La evidente desatención sufrida por Lucía Patrascu en el cuartel de la Guardia Civil de Pollença no tiene consecuencias penales. La magistrada que ha cerrado el caso, sin oposición de ninguna de las partes, deja abierta la posibilidad de que se adopten medidas disciplinarias. Tenemos cuatro agentes que una fatídica mañana obviaron los protocolos con los que se tiene que afrontar un posible caso de violencia de género. Hubo "deficiencias y disfunciones", en palabras del fiscal, que, de no existir, quizás hubieran evitado que cuatro horas después se produjera un horrible crimen.
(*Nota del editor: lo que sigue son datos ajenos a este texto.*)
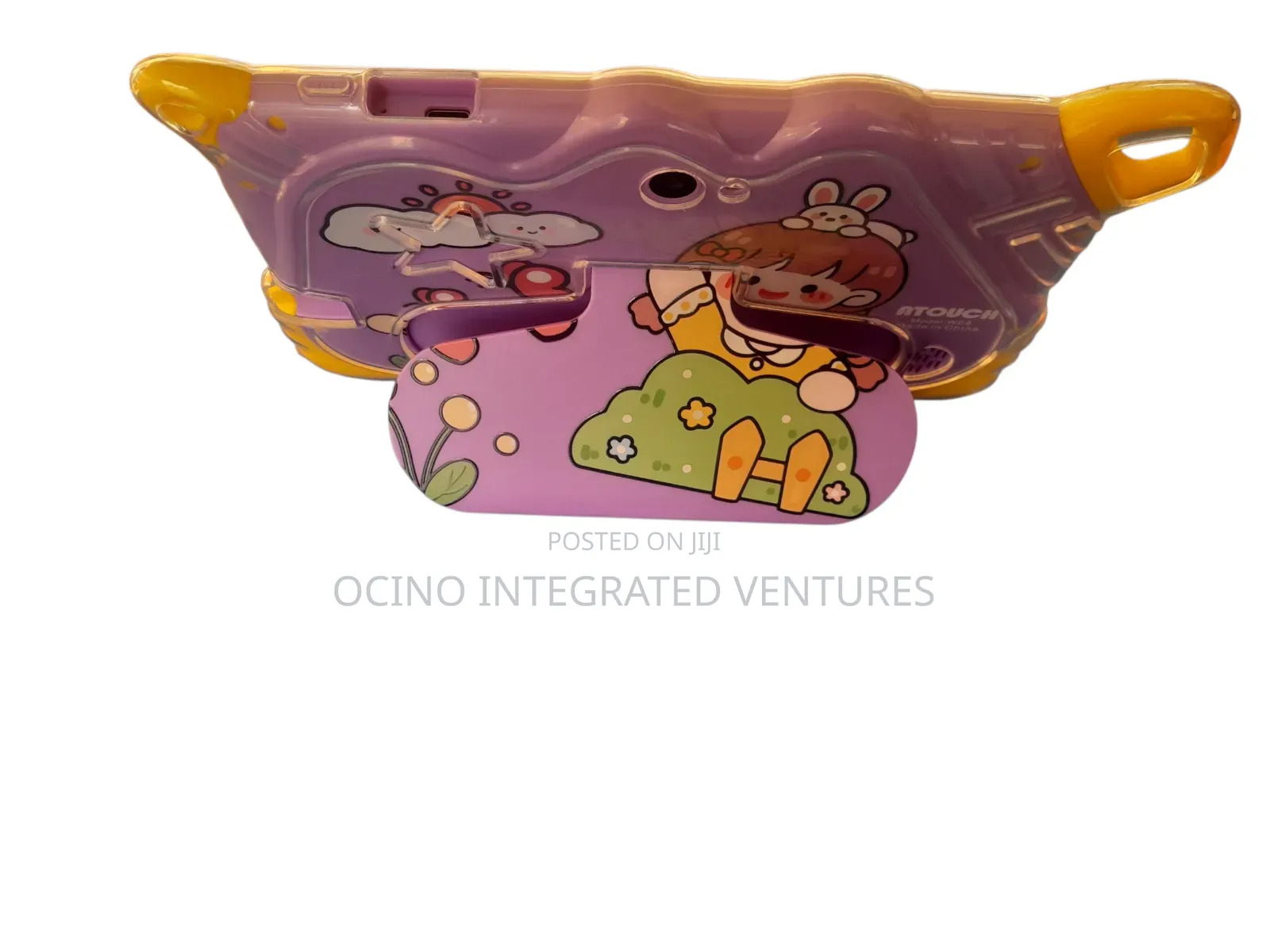7inch Unbreakable Screen Kids Tablet With Big Battery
No debe ser un caso cerrado para la sociedad ni para la Guardia Civil. Es una lección para que los profesionales de la seguridad agudicen su instinto y el celo ante indicios de maltrato. Es una llamada de atención para que la sociedad, todos nosotros, nos sintamos implicados en el combate contra la lacra de la violencia machista y no miremos hacia otro lado si se produce en nuestro entorno, justo lo contrario de lo que hicieron los cuatro guardias civiles.

El asesinato de Patrascu queda en el debe de un cuerpo de seguridad que, ciertamente, suma muchos puntos positivos. Su muerte es tan inútil como lo son todos los crímenes. Si al menos sirve para que ningún otro uniformado, sin importar si viste de azul o verde, afronte de manera rutinaria el grito de socorro de otra Lucía, esta muerte no habrá sido totalmente en vano.